The past year alone featured a litany of disasters that scientists say were worsened by climate change — disasters they argue are only more likely in the future unless global emissions begin to fall sharply.

During a tragic and terrifying December in Australia, with bush fires proliferating amid heat and drought, the country shattered its record for the hottest-ever day. On Dec. 18, the national average high temperature was a blistering 107.4 degrees (41.9 Celsius). Europe recorded its hottest year ever, and a sizzling heat wave in July broke temperature records. Paris, for example, registered a sweltering 108.7 degrees on July 25, shattering a record set in 1947.

Alaska also had its hottest year on record in 2019. It included an alarming lack of ice cover during the winter in the Bering and Chukchi seas, and in the summer the temperature at Ted Stevens Anchorage International Airport hit 90 degrees for the first time.

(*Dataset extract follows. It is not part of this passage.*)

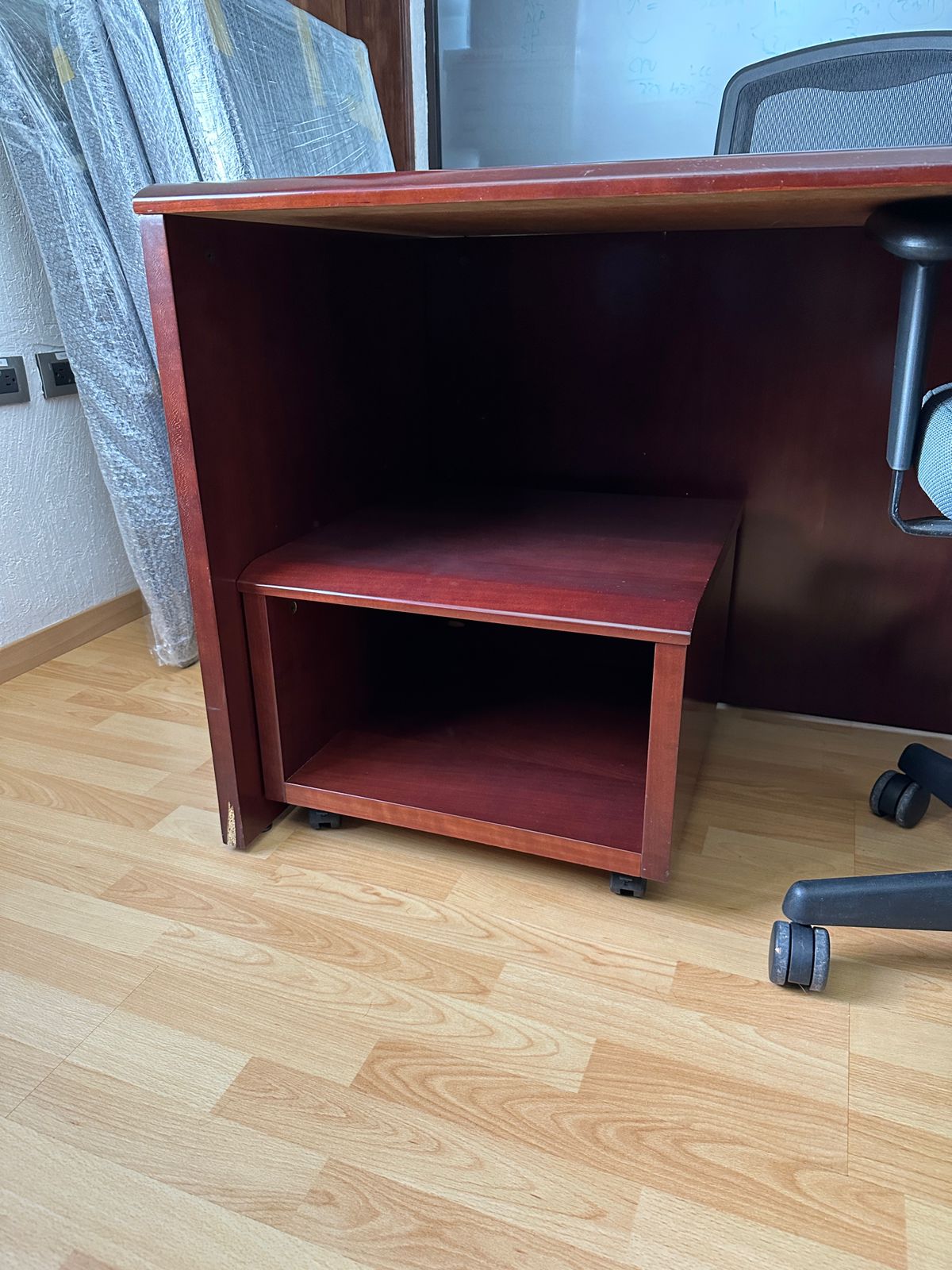Escritorios de madera seminuevos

Hurricanes such as Dorian devastated the Bahamas and other areas after rapidly intensifying, which some studies show is linked to warming seas and air temperatures. A pair of powerful cyclones hit Mozambique in rapid succession, killing hundreds of people, destroying homes and causing devastating floods.

The year also brought signs that the natural systems that serve to store huge quantities of carbon dioxide and methane, another powerful greenhouse gas, may be faltering as temperatures increase.

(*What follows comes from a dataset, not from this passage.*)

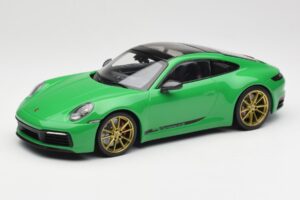 Porsche 911 992 Carrera 4S Python Green Minichamps 1:18 155067325 Diecast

In December, a federal report indicated that melting permafrost throughout the Arctic may already be a net source of atmospheric carbon, a shift that could accelerate global warming. Raging fires in the Amazon threaten to turn the world’s most productive rainforest into a drier, less carbon-rich savanna.

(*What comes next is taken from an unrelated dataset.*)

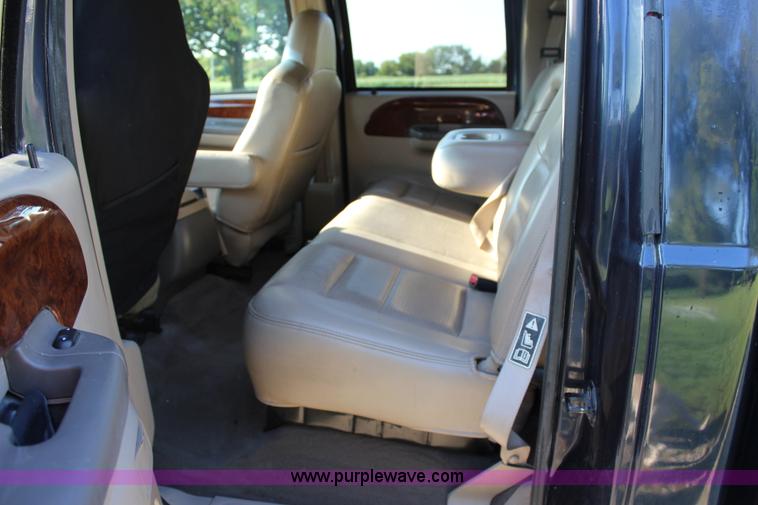 image for item J3551 2003 Ford F250 Super Duty XLT Crew Cab pickup truck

Reports from the U.N. Intergovernmental Panel on Climate Change last year detailed how climate change is already threatening food and water supplies, increasing the threat of droughts and floods, killing coral reefs, supercharging monster storms, fueling deadly marine heat waves and contributing to record losses of sea ice.

A study this week also found that 2019 was the warmest on record for the world’s oceans, with all of the top five hottest years coming since 2015. The oceans have long absorbed the vast majority — about 93 percent — of the extra heat humans are adding to the climate through greenhouse gas emissions.

Still, even as millions of protesters have taken to the streets to demand action, world leaders have so far shown little ability to move as fast as scientists say is necessary to cut greenhouse gas emissions.

In a bleak report last fall, the United Nations warned that the world had wasted so much time mustering the willpower to combat climate change that drastic, unprecedented cuts in emissions are now the only way to avoid an ever-intensifying cascade of consequences. The U.N. report said global temperatures are on pace to rise as much as 3.2 degrees Celsius (5.8 degrees Fahrenheit) by the end of the century, and that emissions must begin falling by 7.6 percent each year starting this year to meet the most ambitious goals of the Paris climate accord.

So far, many countries have failed to live up to the promises they made as part of the 2015 global agreement, including some of the world’s largest emitters. More than 100 countries have vowed to submit more ambitious plans to fight climate change by the end of this year, but they collectively represent only about 15 percent of global emissions. The Trump administration plans to exit the international accord later this year.

Zeke Hausfather, a climate researcher for Berkeley Earth, said that despite the clear warming trend, humans still have an opportunity to shape what lies ahead.

“We don’t have any sign yet of global warming slowing down, but we also don’t have any sign of global emissions slowing down,” he said. “What happens in the future depends a lot on our emissions of greenhouse gases as a society. If we continue emitting at current levels, we will continue warming at about the same rate.

“What happens in the future is really up to us."